O Karl Lagerfeld Residences vai nascer na Rua Braamcamp, mesmo ao lado da Avenida da Liberdade. São dez apartamentos, distribuídos por 11 pisos, com áreas a partir dos 234 m² e valores a rondar os 20.000 euros por metro quadrado.
Estamos a falar dos preços mais altos alguma vez pedidos em Lisboa. E, mais importante do que isso, com procura.
Ao fim de mais de 30 anos neste setor, já vi muita coisa. Ciclos de subida, correções, entusiasmo a mais e fases mais paradas. Mas a rapidez com que Lisboa chegou aqui não era óbvia. Em 2010, falar de 12.000 euros por metro quadrado na Avenida da Liberdade parecia um cenário otimista. Hoje, é perfeitamente normal no topo do mercado.
A questão dos 20.000 euros por metro quadrado levanta sempre dúvidas. Mas olhando para os dados, faz sentido. O segmento prime em Lisboa continua a crescer acima da média internacional e a oferta realmente diferenciada é cada vez mais escassa.

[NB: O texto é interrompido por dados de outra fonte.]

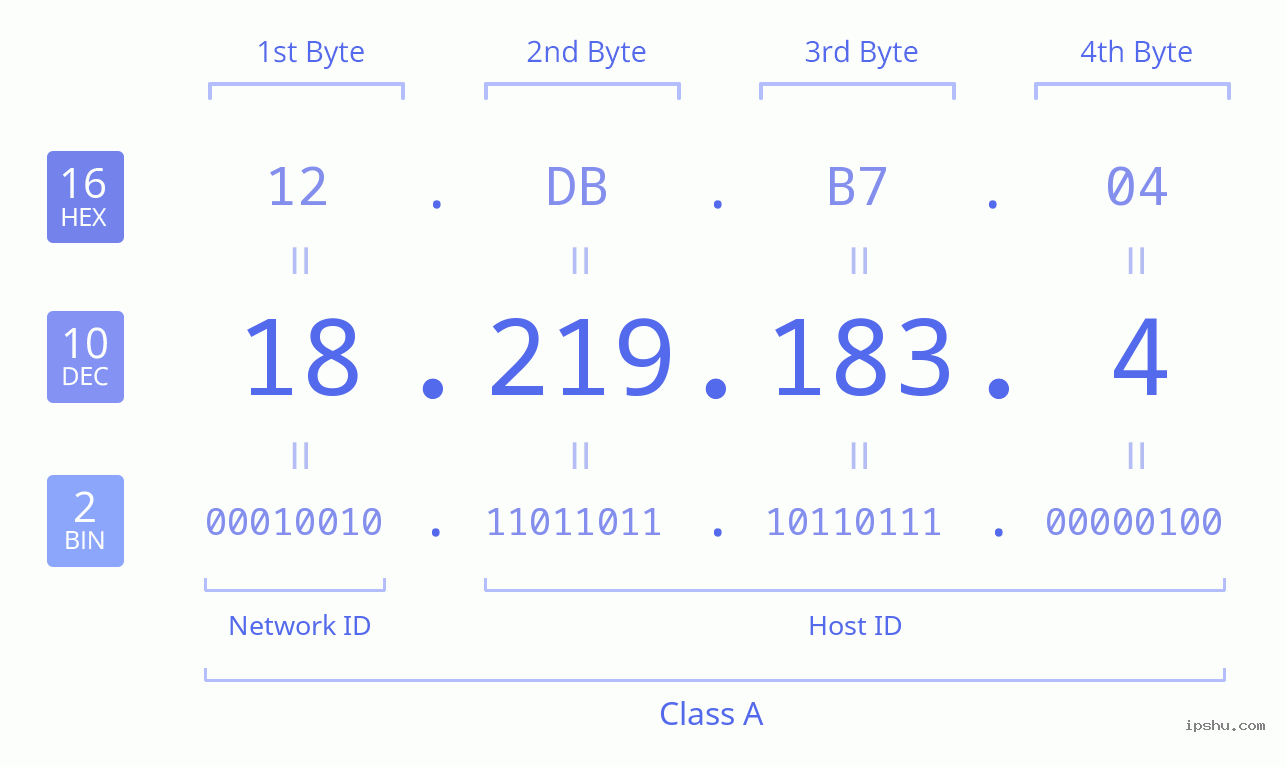 IPv4: 18.219.183.4 Network Class, Net ID, Host ID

Quando há pouco produto, bem localizado e com um posicionamento claro, o preço deixa de ser o principal obstáculo. Passa a ser uma consequência.

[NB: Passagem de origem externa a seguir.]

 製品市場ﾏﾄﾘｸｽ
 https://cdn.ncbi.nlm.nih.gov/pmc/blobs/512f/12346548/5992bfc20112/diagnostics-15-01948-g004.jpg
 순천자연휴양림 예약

Lisboa não está cara por acaso. Está alinhada com o tipo de procura que tem vindo a atrair.
Este tipo de projeto já não vive só do mercado local. Está a ser promovido em vários países ao mesmo tempo. Estados Unidos, Brasil, vários mercados europeus e Médio Oriente.
O perfil de comprador também não é novidade. Norte americanos, brasileiros, europeus com ligação a cidades como Paris ou Milão. Já trabalham com este tipo de produto noutros mercados e reconhecem valor quando o veem.
O que mudou foi o nível. Há alguns anos falávamos de luxo. Hoje começamos a falar de ultra luxo, que é um segmento completamente diferente. Mais exigente, mais informado e muito menos sensível ao preço quando o produto é certo.
Para quem trabalha neste mercado, isto tem implicações diretas.
O cliente que chega hoje a Lisboa não compara apenas com o que existe na cidade. Compara com Dubai, Mónaco, Nova Iorque. E espera o mesmo nível de qualidade, serviço e conhecimento.
Isso obriga a um ajuste. Não só na forma como se apresenta produto, mas na forma como se acompanha o cliente.
Quem estiver preparado para este nível vai encontrar boas oportunidades nos próximos anos. Quem não estiver, vai sentir essa diferença rapidamente.
Lisboa entrou neste segmento e dificilmente volta atrás. A questão agora não é se o mercado vai crescer. É quem vai estar bem posicionado quando crescer.